Moody didn’t answer. The suspicion was taking on an uncomfortable solid shape. “Some new project my mom’s working on,” Pearl had told him. “She just needs an extra set of hands.” Yet there was Izzy—a perfectly good set of extra hands—at home, telling him Mia was out. Without answering Izzy, he dropped his bookbag on the coffee table and headed to the garage for his bike.
All the way to the duplex on Winslow, he told himself he was imagining things. That there was nothing going on here, that this was all a coincidence. But there, just as he’d expected, was Trip’s car, parked across the street from the house. He stayed there, staring at Pearl’s window, for what felt like hours, trying not to think about what was happening inside, but unable to look away. It looked so innocent, that modest little brick house, with its clean white door, the peach tree in the front yard ruffled with soft pink blossoms.

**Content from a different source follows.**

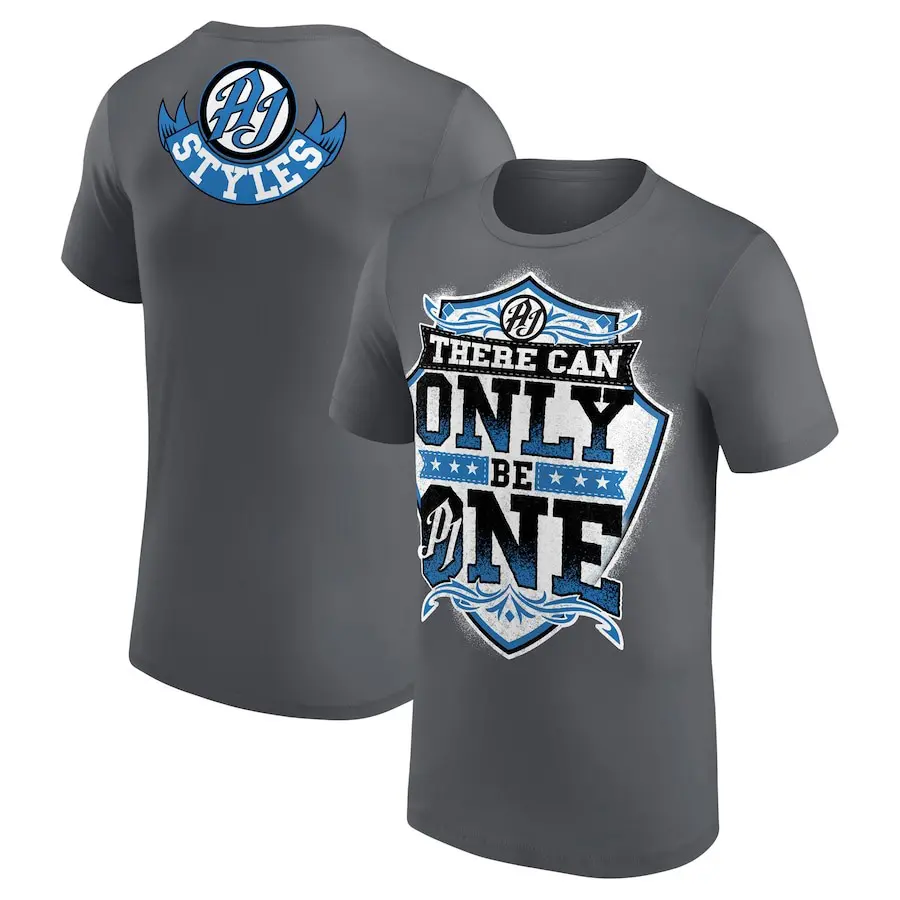 Men's Gray AJ Styles There Can Only Be One T-Shirt Professional Wrestler Tee For Man and Woman TShirt, Hoodie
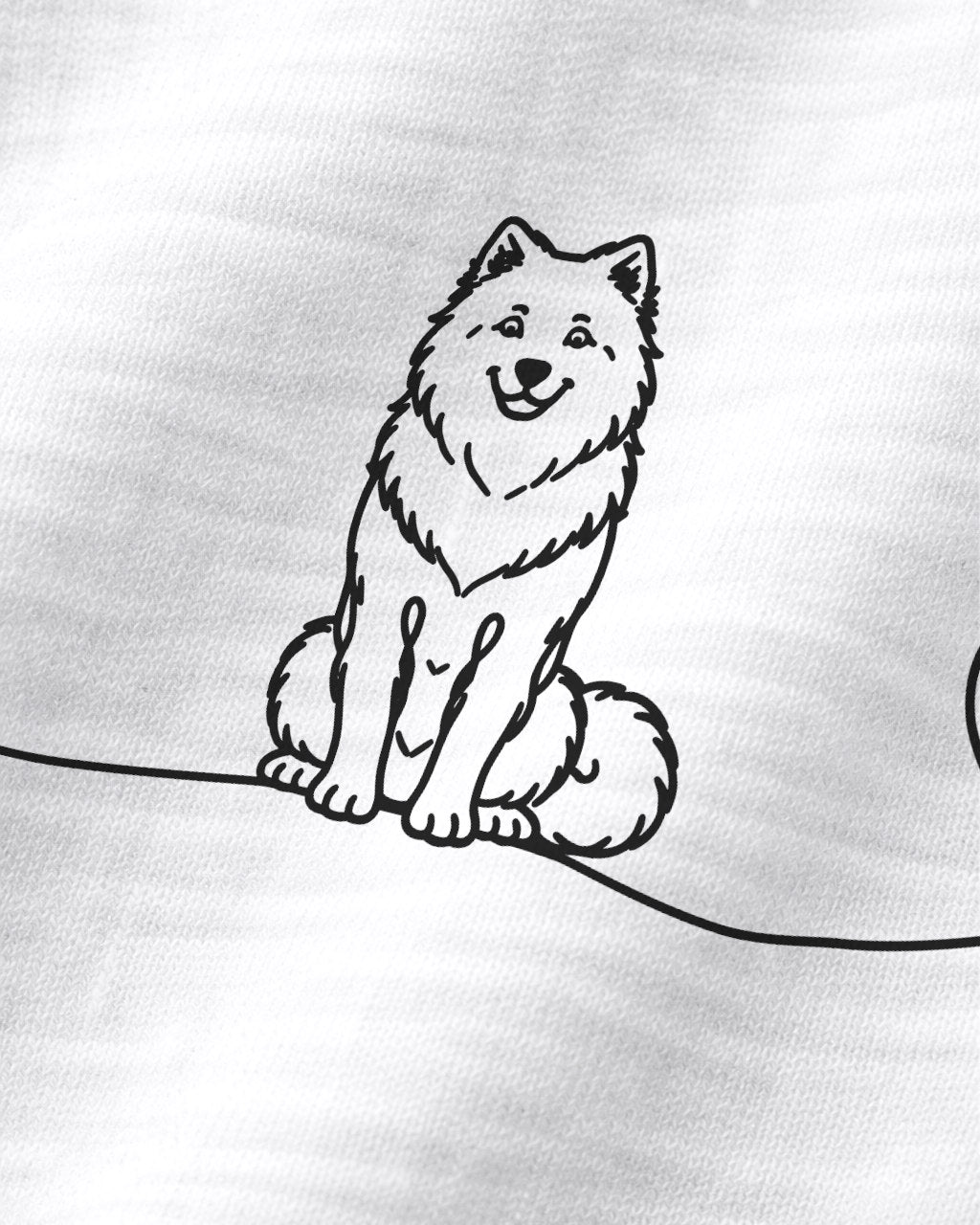 Motiv nah - LineArt Samojede mit Herz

When Trip and Pearl emerged, they were holding hands, but that wasn’t what shook him. There was an ease between them that, Moody was sure, could only come from being intimately comfortable with another person’s body. The way their shoulders jostled as they came down the walkway. The way Pearl leaned over to close the zip on Trip’s backpack, the way he leaned down to smooth a stray curl out of her face. Then both of them looked up and saw Moody, astride his bicycle on the sidewalk, and froze. Before either of them could respond, he jammed his foot onto the pedal and sped away.

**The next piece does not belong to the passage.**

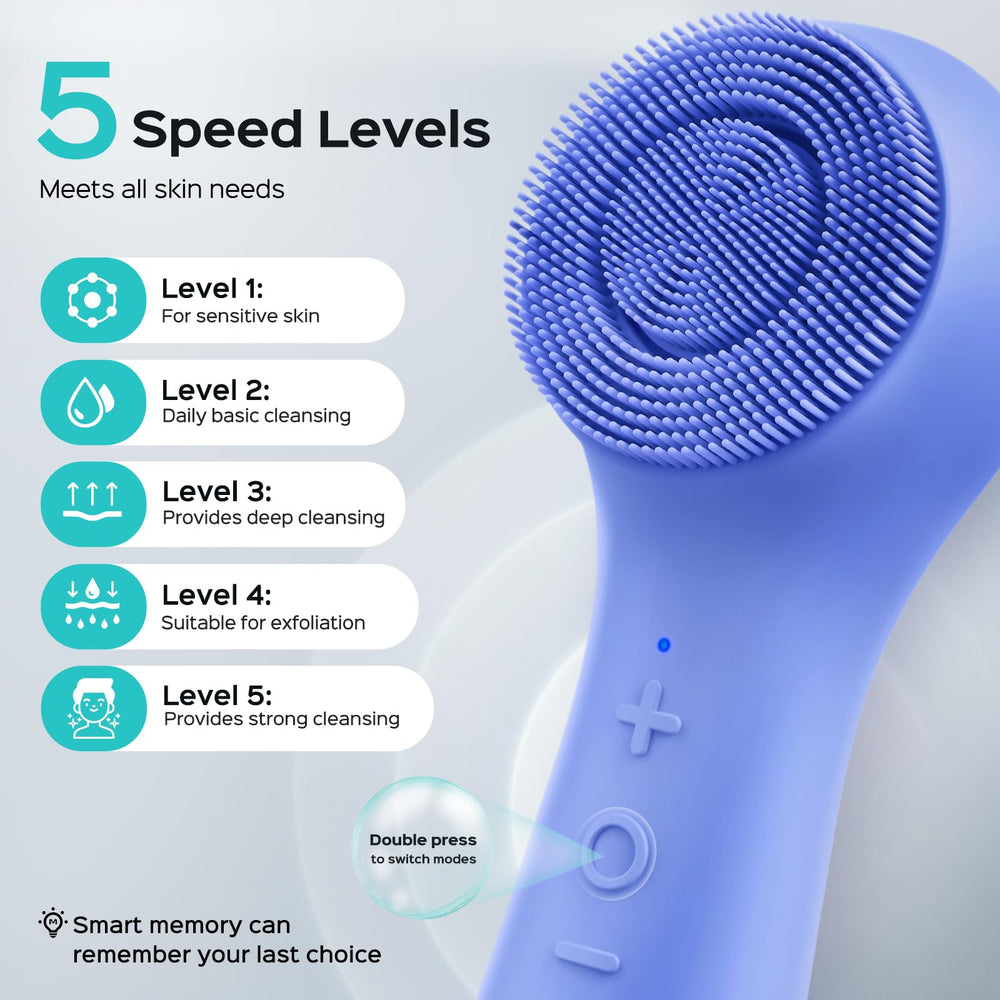 COSLUS Face Scrubber silicone head provides durable, skin-friendly cleansing without harsh scratching.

It never occurred to Moody to confront his brother; this was only what he expected from Trip. All of his fury was saved for Pearl, and later that afternoon, when she tiptoed upstairs and rapped on his door, he was not in the mood to listen to her excuses.
“It just happened,” she said, once she’d shut the door. Moody knew from her voice that she was telling the truth, but it brought him little comfort. He rolled his eyes at how much she sounded like a character on a bad teen drama and went back to tuning his guitar.